Signed-off-by: Mauro Carvalho Chehab <[email protected]>
---
 tools/unittests/kdoc_xforms.py | 654 +++++++++++++++++++++++++++++++++
 1 file changed, 654 insertions(+)
 create mode 100755 tools/unittests/kdoc_xforms.py

diff --git a/tools/unittests/kdoc_xforms.py b/tools/unittests/kdoc_xforms.py
new file mode 100755
index 000000000000..71b42c8c75ea
--- /dev/null
+++ b/tools/unittests/kdoc_xforms.py
@@ -0,0 +1,654 @@
+#!/usr/bin/env python3
+# SPDX-License-Identifier: GPL-2.0
+# Copyright(c) 2026: Mauro Carvalho Chehab <[email protected]>.
+#
+# pylint: disable=C0413,R0904
+
+
+"""
+Unit tests for kernel-doc NestedMatch.
+"""
+
+import os
+import re
+import sys
+import unittest
+
+
+# Import Python modules
+
+SRC_DIR = os.path.dirname(os.path.realpath(__file__))
+sys.path.insert(0, os.path.join(SRC_DIR, "../lib/python"))
+
+from kdoc.kdoc_re import NestedMatch, CFunction
+from kdoc.xforms_lists import CTransforms
+from unittest_helper import run_unittest
+
+#
+# Override unittest.TestCase to better compare diffs ignoring whitespaces
+#
+class TestCaseDiff(unittest.TestCase):
+    """
+    Disable maximum limit on diffs and add a method to better
+    handle diffs with whitespace differences.
+    """
+
+    @classmethod
+    def setUpClass(cls):
+        """Ensure that there won't be limit for diffs"""
+        cls.maxDiff = None
+
+    def assertLogicallyEqual(self, a, b):
+        """
+        Compare two results ignoring multiple whitespace differences.
+
+        This is useful to check more complex matches picked from examples.

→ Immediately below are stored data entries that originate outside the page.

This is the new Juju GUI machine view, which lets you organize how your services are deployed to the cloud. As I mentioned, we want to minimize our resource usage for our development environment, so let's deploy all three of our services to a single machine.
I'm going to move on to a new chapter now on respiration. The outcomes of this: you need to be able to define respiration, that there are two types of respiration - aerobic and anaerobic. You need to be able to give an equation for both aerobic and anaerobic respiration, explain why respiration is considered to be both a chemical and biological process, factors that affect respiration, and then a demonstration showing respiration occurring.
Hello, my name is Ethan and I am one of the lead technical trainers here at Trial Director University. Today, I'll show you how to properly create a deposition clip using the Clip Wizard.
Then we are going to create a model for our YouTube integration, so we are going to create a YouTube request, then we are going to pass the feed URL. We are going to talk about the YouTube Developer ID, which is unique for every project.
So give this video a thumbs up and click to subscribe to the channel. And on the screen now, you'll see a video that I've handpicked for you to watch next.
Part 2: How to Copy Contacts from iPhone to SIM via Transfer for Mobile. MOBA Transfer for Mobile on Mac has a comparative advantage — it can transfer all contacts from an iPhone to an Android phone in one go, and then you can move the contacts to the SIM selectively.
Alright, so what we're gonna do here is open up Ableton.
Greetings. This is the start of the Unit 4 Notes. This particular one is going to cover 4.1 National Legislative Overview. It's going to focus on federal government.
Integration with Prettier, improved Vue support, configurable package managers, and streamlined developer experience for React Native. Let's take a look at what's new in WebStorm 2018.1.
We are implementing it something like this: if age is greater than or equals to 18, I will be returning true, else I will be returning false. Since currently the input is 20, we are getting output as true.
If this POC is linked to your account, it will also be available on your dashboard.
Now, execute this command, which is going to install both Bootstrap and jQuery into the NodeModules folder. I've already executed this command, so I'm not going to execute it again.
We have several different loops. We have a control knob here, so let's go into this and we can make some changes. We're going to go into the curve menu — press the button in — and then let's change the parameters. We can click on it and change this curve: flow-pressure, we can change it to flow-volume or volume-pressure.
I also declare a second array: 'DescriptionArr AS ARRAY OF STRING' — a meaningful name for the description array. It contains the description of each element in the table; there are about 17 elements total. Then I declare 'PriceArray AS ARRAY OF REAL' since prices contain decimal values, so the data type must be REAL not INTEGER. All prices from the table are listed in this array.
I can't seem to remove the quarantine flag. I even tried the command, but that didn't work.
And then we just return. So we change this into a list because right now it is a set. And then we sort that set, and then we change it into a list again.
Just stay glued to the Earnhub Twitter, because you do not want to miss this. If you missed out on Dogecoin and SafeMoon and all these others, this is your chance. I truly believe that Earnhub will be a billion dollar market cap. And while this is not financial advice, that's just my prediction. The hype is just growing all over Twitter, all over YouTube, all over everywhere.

+        On a plus side, we also don't need to use dedent.
+        Please notice that line breaks still need to match. We might
+        remove it at the regex, but this way, checking the diff is easier.
+        """
+        a = re.sub(r"[\t ]+", " ", a.strip())
+        b = re.sub(r"[\t ]+", " ", b.strip())
+
+        a = re.sub(" ;", ";", a)
+        b = re.sub(" ;", ";", b)
+
+        self.assertEqual(a, b)
+
+#
+# Tests doing with different macros
+#
+
+class TestMultipleMacros(TestCaseDiff):
+    """
+    Tests doing with different macros.
+
+    Here, we won't use assertLogicallyEqual. Instead, we'll check if each
+    of the expected patterns are present at the answer.
+    """
+
+    def test_acquires_simple(self):
+        """Simple replacement test with __acquires"""

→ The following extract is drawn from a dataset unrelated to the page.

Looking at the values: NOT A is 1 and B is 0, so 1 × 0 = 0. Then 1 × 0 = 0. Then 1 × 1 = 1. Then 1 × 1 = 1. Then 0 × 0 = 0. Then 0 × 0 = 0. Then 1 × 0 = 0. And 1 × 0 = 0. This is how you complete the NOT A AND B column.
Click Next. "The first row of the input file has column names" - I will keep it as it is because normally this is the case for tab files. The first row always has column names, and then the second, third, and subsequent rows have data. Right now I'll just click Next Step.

+        line = "__acquires(ctx) foo();"
+        result = NestedMatch(r"__acquires\s*\(").sub("REPLACED", line)
+
+        self.assertNotIn("__acquires(", result)
+        self.assertIn("foo();", result)
+
+    def test_acquires_multiple(self):
+        """Multiple __acquires"""
+        line = "__acquires(ctx) __acquires(other) bar();"
+        result = NestedMatch(r"__acquires\s*\(").sub("REPLACED", line)
+
+        self.assertNotIn("__acquires(", result)
+        self.assertEqual(result.count("REPLACED"), 2)
+
+    def test_acquires_nested_paren(self):
+        """__acquires with nested pattern"""
+        line = "__acquires((ctx1, ctx2)) baz();"
+        result = NestedMatch(r"__acquires\s*\(").sub("REPLACED", line)
+
+        self.assertNotIn("__acquires(", result)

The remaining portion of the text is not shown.